Alaska is a fabulous vacation destination. Snow-capped mountains, unspoiled forests as far as the eye can see, and the purest air you can breathe.While there are many outdoor activities to pursue, my all-time favorite is an authentic Alaskan tradition and the state sport, a dog mushing excursion.
The Iditarod Race
Known as "The Last Great Race on Earth,” the Iditarod is a 1,150-mile dog sled race held each March from Anchorage to Nome. The Iditarod Trail, now a National Historic Trail, began as a mail and supply route. Mail was delivered and gold was brought out via dog sleds over the roughest terrain from Seward to Nome.

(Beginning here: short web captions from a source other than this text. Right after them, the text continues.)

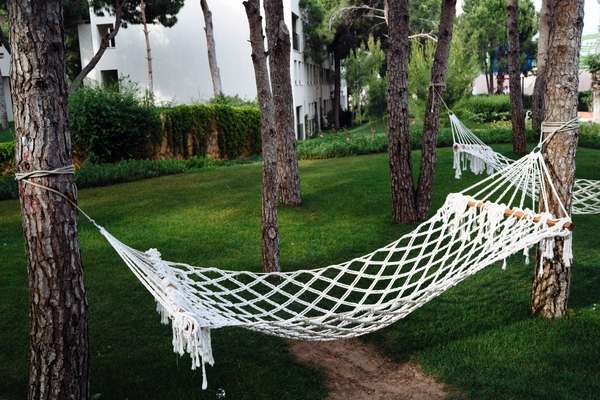 Hammocks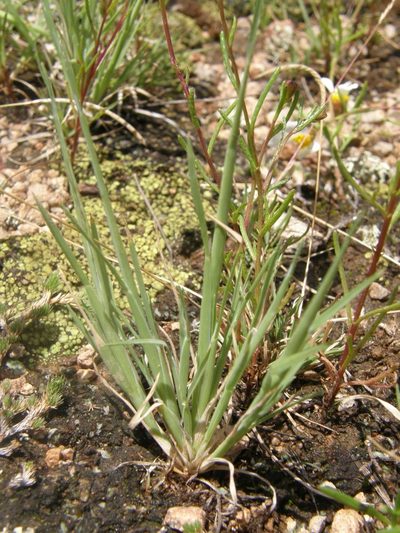 Muhlenbergia peruviana, photographed by Carlos Martorell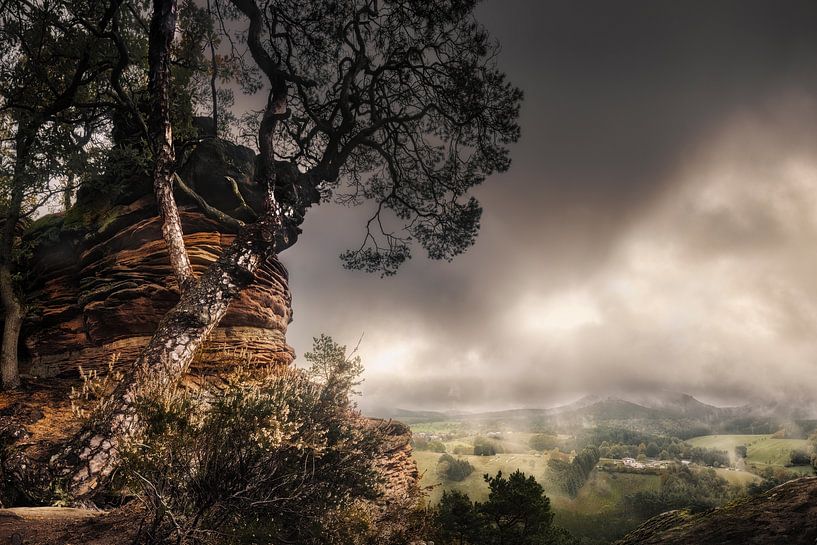 Lumière d'ambiance dans la forêt du Palatinat en Rhénanie-Palatinat par Voss photographie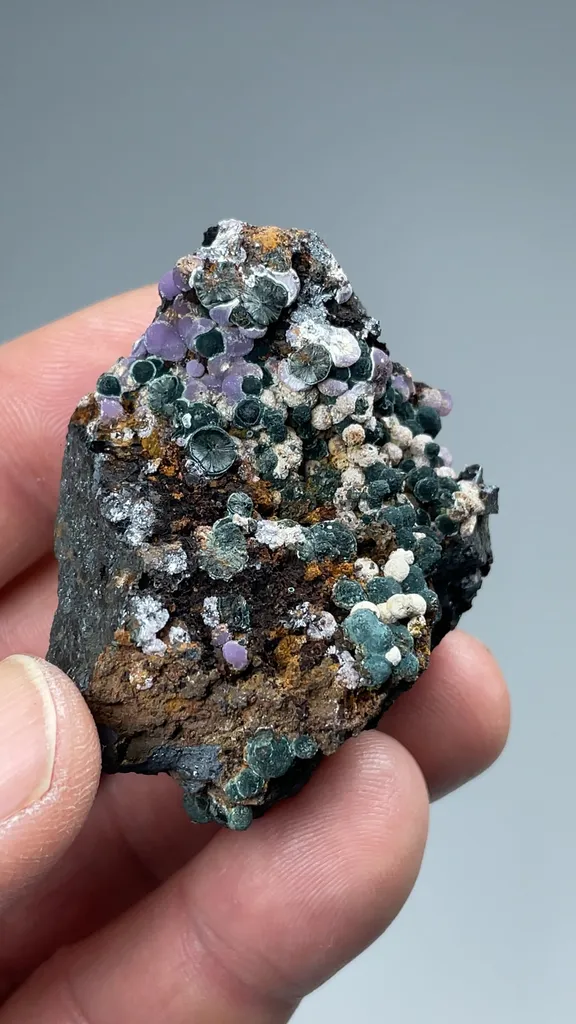 Strengite with Kidwellite - image 3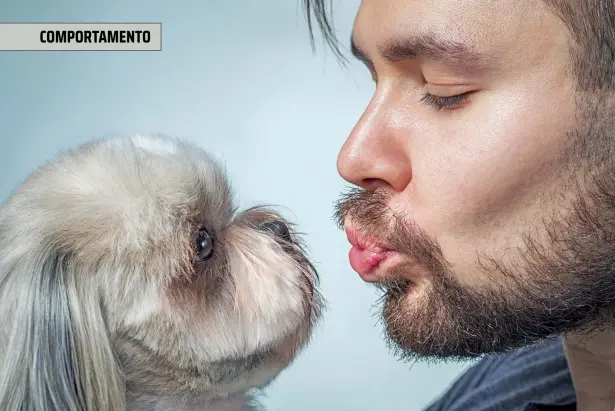  ??  ?? Attenzione agli occhiali da sole!
Meglio non indossare gli occhiali da sole quando siamo con Fido, è un accessori che può far paura. Anche la natura, come difesa, simula occhi grandi e neri tra gli animali per intimidire o ipnotizzar­e l’avversario: il cobra, l’orca, il panda, il procione, certe specie di farfalle e persino le tigri che quando si abbassano per bere mostrano dei punti bianchi e neri sulle orecchie che sembrano occhi per dare l’impression­e di essere ancora attente.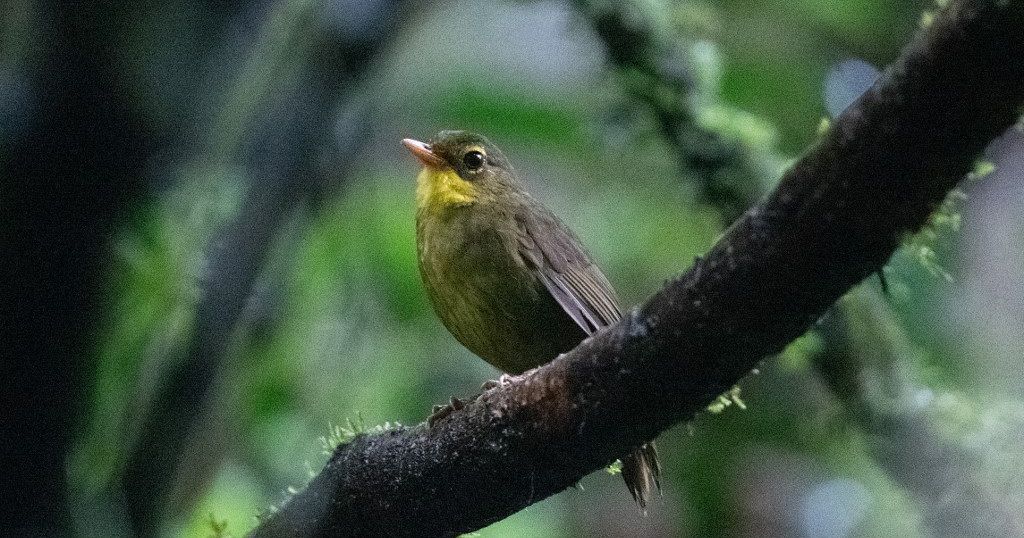 Untraceable for 24 years, a rare bird resurfaces in Madagascar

You can get a taste of the Iditarod by meeting mushers and champions, hearing about their personal experiences, learning how they train their Alaskan huskies, visiting the kennels, and participating in a training run with a professional team of sled dogs. The highlight of any musher experience is meeting and holding the adorable husky puppies.
What can you expect?
Tours are available in summer and winter, primarily in Seward, Juneau, Skagway, Fairbanks, Denali, and Anchorage. Most Alaska cruises offer musher experiences in their excursion offerings, but you don’t have to take a cruise to enjoy a tour. All types of tours are available at diverse price points; you can visit an Iditarod champion’s homestead for $59, take a helicopter ride to a dog camp and sit in a dog sled basket, or drive a team yourself for $519.
Two tour experiences
I visited Jeff King’s homestead at Goose Lake Kennel and fell in love. As I exited the van someone handed me a husky puppy. The pups, all different colors, were sweet balls of fluff and delightful to hold. The visitors passed them around and we took photos.

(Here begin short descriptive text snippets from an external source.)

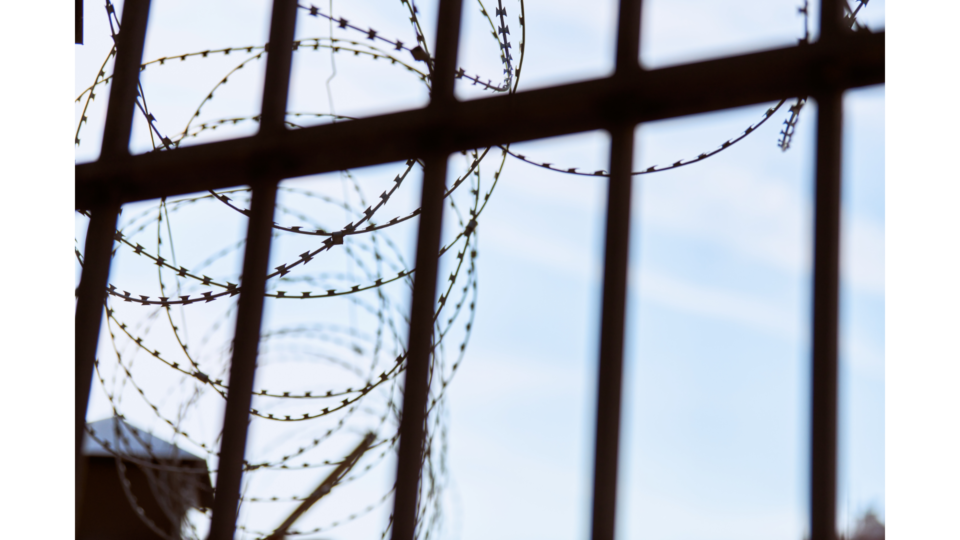 asylum seekers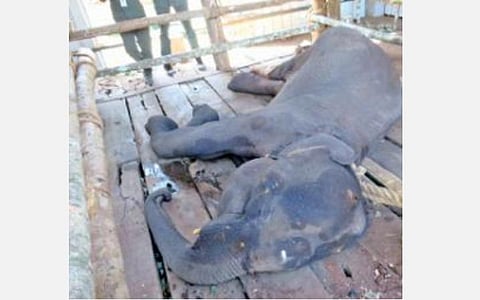 டாப்சிலிப் வனப்பகுதியில் உயிரிழந்த பெண் யானை.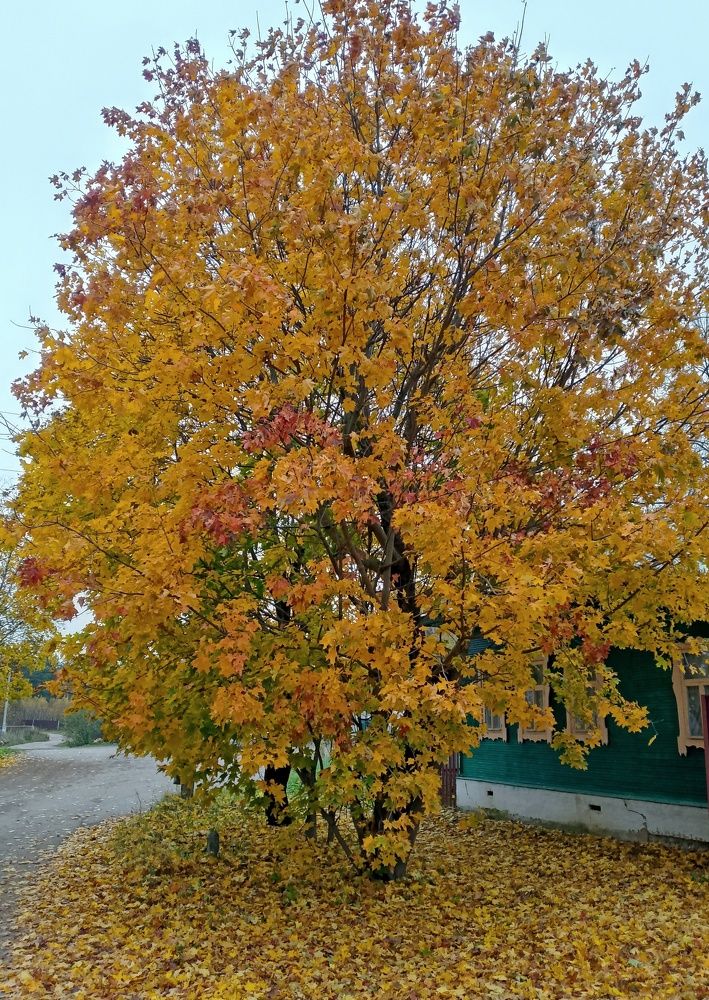 Photograph by Михаил Попов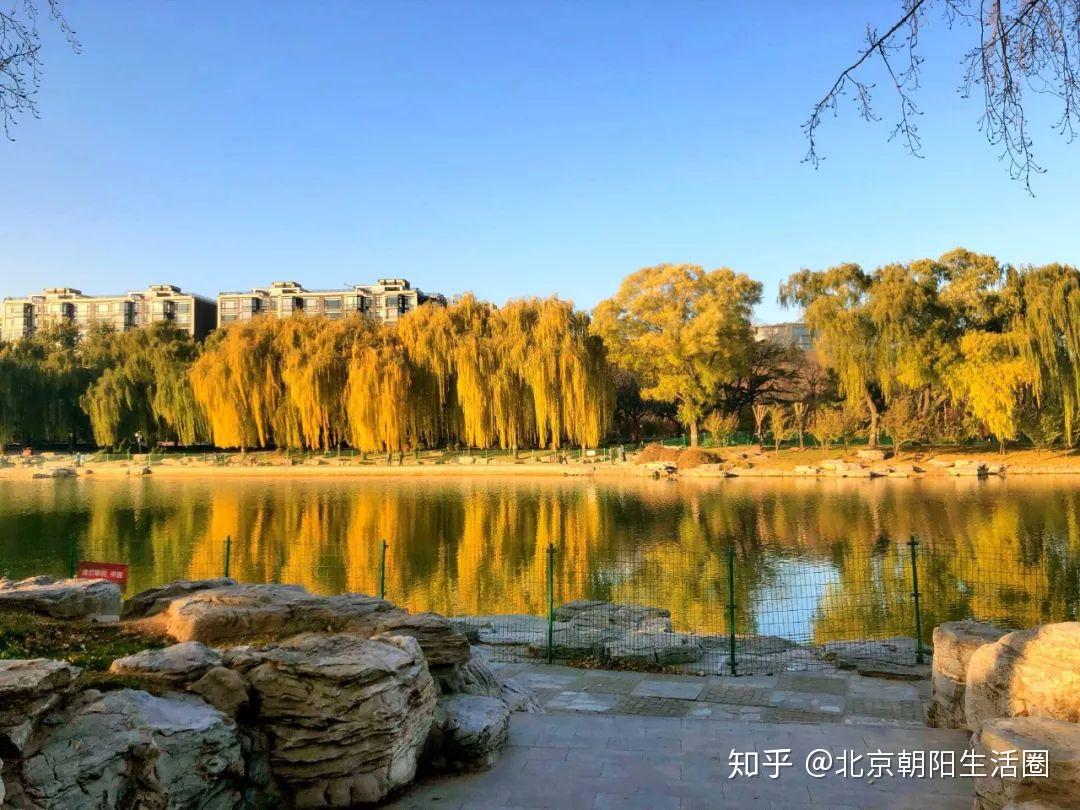 朝阳乡政府区三间房在哪_朝阳区三间房乡政府_朝阳区三间房乡领导班子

We learned from Jeff, who holds four championship titles for the Iditarod Trail Sled Dog Race from 1993, 1996, 1998, and 2006, how the pups were birthed, bred, and raised. Jeff also explained the history of the Iditarod and how he personally works it. This Husky Homestead Tour, offered mid-May to mid-September from Denali, is $59 for adults and $39 for children 12 and under (not recommended for children under 3 years of age).
The Skagway Sled Dog and Musher’s Camp excursion I took was a more hands-on experience. On this tour we were picked up in Skagway and our driver shared a wealth of information on the 11-mile drive to the camp in Dyea. The tour began with a ride through the Tsongas National Rainforest that took us up about 800 feet to reach the husky teams.

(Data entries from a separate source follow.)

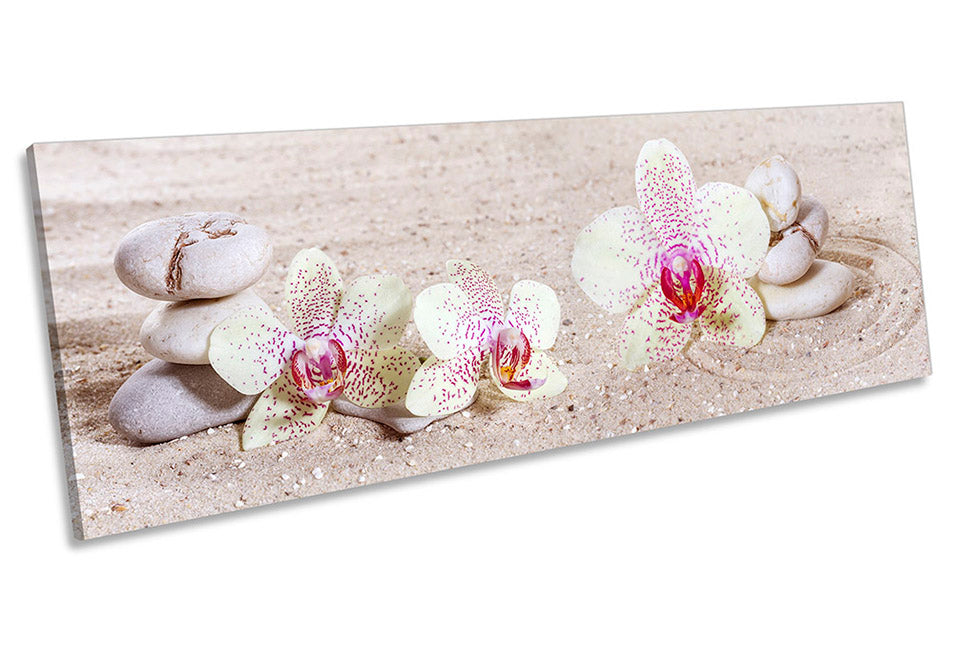 Zen Stones Spa Orchids Pink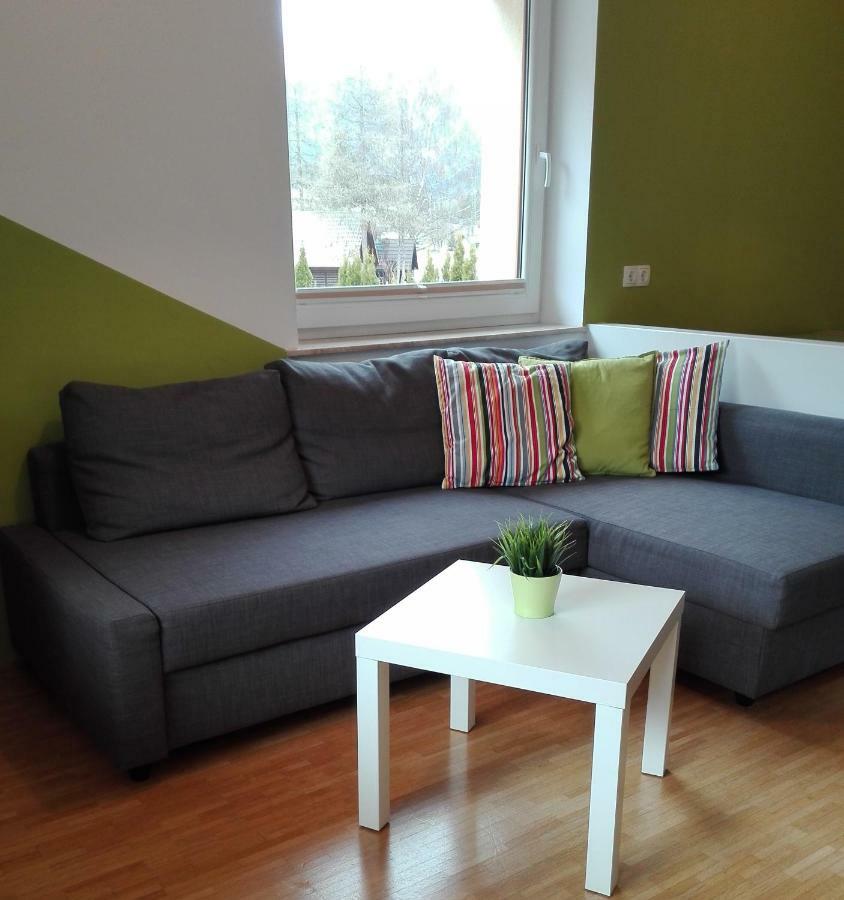 Apartments Grudnik 克拉尼斯卡戈拉 外观 照片
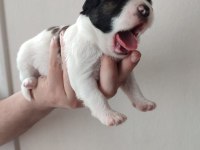 Tibet Terrier 15 günlükler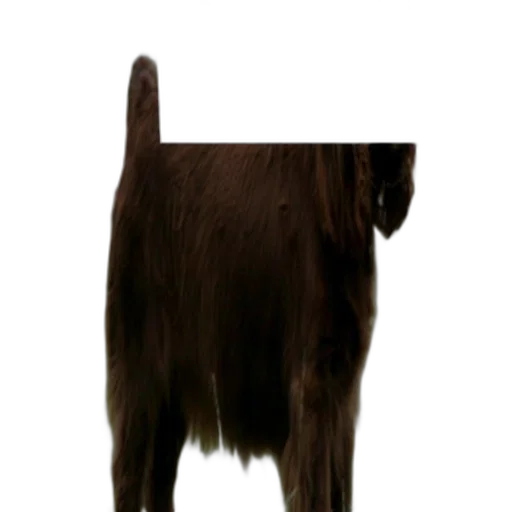animal, creature, staff, hair transparent PNG cut-out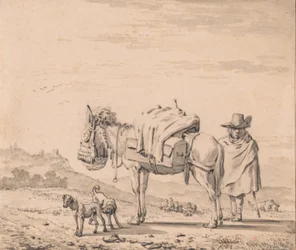 Homme avec un mulet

Three of us participated in a one-mile training run with a musher and his team of huskies on a wheeled sled through the rainforest. Our musher shared his experience and we got to meet and pet the dogs. We were taken back to the main camp and we did get to hold the husky puppies. They were precious, but this camp did not have as many puppies, and as we needed to share, our puppy time was limited. This dogsled tour, offered May to September from Skagway, is $135 for adults and $99 for children.
There are even more expansive and expensive musher experiences. Just search online for “Alaskan musher tours.” Whether or not you like dogs, this is a not to be missed Alaskan experience.